REQUIRED WORK: The full listing is to be returned exactly as given, but without pictures.

DATA SEGMENT:
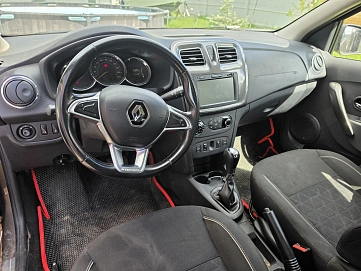 Renault Sandero, 2018г., передний привод, вариатор
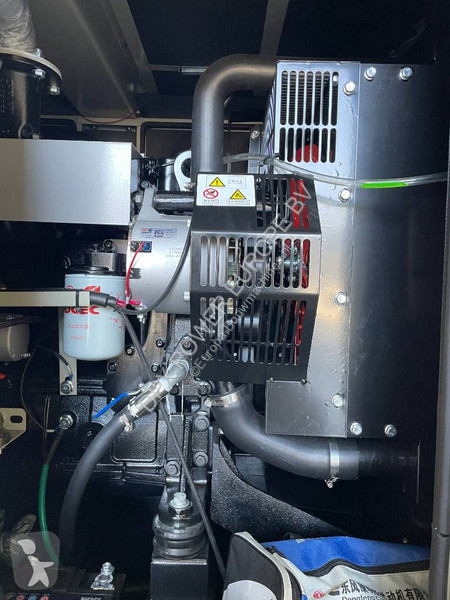 Stavebný stroj Cummins 4BT3.9-G2 - 45 kVA...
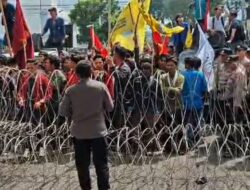 Demo Mahasiswa dan Pengemudi Ojek Berlanjut, DPR: Ini Alarm Serius bagi Pemerintah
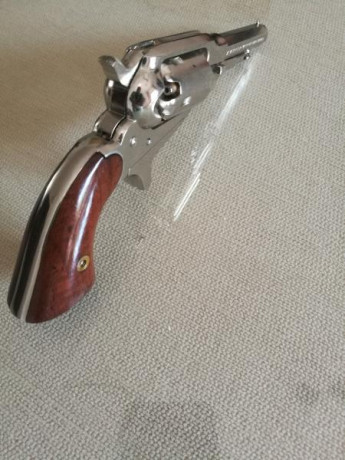 Vendo esta preciosidad de revolver Remington Pocket , cal .31, en buen estado , vendo por falta de uso. 02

RESPONSE BOX:
 Renault Sandero, 2018г., передний привод, вариатор
 Stavebný stroj Cummins 4BT3.9-G2 - 45 kVA...
 Demo Mahasiswa dan Pengemudi Ojek Berlanjut, DPR: Ini Alarm Serius bagi Pemerintah
 Vendo esta preciosidad de revolver Remington Pocket , cal .31, en buen estado , vendo por falta de uso. 02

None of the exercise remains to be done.